Exercise directions: Write out exactly, please, the lines from the one containing "SWAB. Swab on" to the end of the material.

§ §

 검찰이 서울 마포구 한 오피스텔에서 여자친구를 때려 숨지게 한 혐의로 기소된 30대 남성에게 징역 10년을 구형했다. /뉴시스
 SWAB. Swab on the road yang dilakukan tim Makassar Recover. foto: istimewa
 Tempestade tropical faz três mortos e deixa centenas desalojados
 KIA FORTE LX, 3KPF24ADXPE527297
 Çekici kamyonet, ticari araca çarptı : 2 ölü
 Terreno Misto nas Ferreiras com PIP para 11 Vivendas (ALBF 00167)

§ §

Your response:
 SWAB. Swab on the road yang dilakukan tim Makassar Recover. foto: istimewa
 Tempestade tropical faz três mortos e deixa centenas desalojados
 KIA FORTE LX, 3KPF24ADXPE527297
 Çekici kamyonet, ticari araca çarptı : 2 ölü
 Terreno Misto nas Ferreiras com PIP para 11 Vivendas (ALBF 00167)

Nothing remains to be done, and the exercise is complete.